En ese pronóstico no tomé en cuenta ninguna encuesta, pues había aún mucha lejanía con la fecha clave. De hecho, a fines de 1999, ya con candidatos definidos, el promedio de encuestas daba al PRI 10 puntos de ventaja aproximadamente. No por ello dejé de pensar que el PRI perdería esa elección.

En 2006 AMLO arrancó con 20%. Pero el discurso estridente y radical me llevó a pensar desde meses atrás que iría perdiendo gradualmente a los sectores moderados (y los “cambiantes”), y que al llegar la elección las encuestas mostrarían un “empate técnico”. Así fue.

En 2016 hice otro pronóstico para 2018, también sin considerar las encuestas. Los resultados de ese año, en el que el PRI perdió las dos terceras partes de los estados disputados que gobernaba, pero igual ocurrió con los que presidía el PAN-PRD, me hicieron percibir un gran hartazgo de la ciudadanía con la corrupción en general. Y quien podría capitalizar ese enojo en 2018 sería el nuevo Partido de AMLO, en parte por no haber gobernado a nivel nacional. En 2016  las encuestas marcaban empate técnico entre el PAN y Morena.

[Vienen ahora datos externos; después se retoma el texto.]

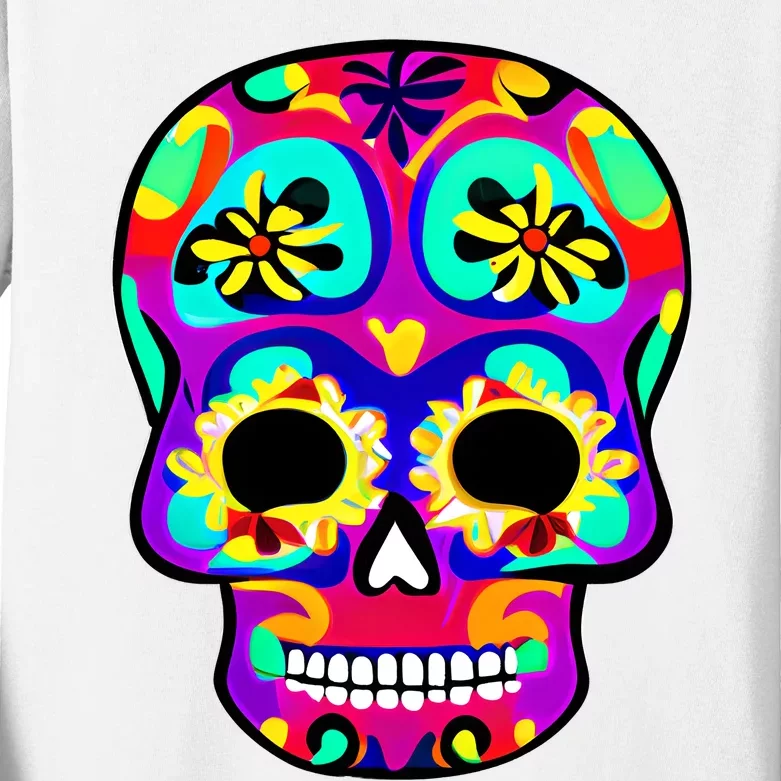 Sugar Skull Funny Cinco De Mayo Kids Long Sleeve Shirt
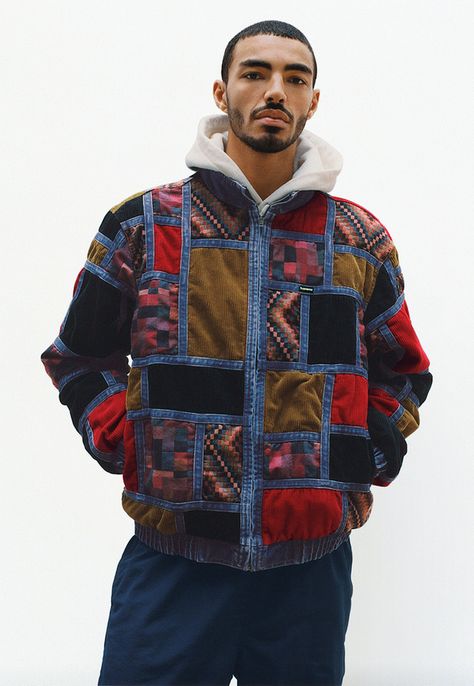 Supreme AW18 Jean For Men, Masc Fashion, Jeans Outfit Winter, Patchwork Clothes, Diy Jacket, Winter Jeans, Best Mens Fashion, Mens Outfit Inspiration, Streetwear Aesthetic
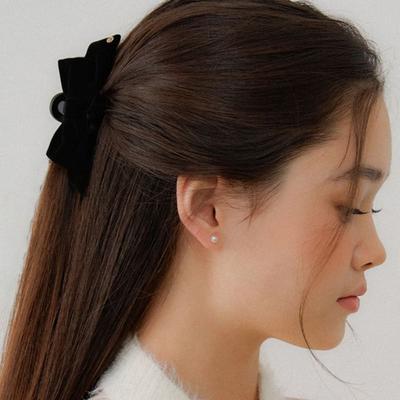 OVLA Mini_classique Velvet Gold Edge Ribbon Hair Clip HC029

Un año después, la ruptura entre el PRI y el PAN a propósito de los comicios en Chihuahua de 2017 generó un gran pleito -incluso personal- que favorecería a AMLO. Escribí en ese año un libro pronosticando el seguro triunfo de AMLO (2018; ¿AMLO presidente?). Las encuestas daban sólo 5 % de ventaja a AMLO, que se disparó al 30% al final.

Son, pues, pronósticos hechos sin considerar las encuestas y que resultaron acertados. Podría ocurrir de nuevo que las encuestas actuales no necesariamente indiquen lo que ocurrirá en junio. Las encuestas son por ahora un indicador más, entre muchos otros. Todavía pienso que puede ganar cualquiera de las dos principales opciones.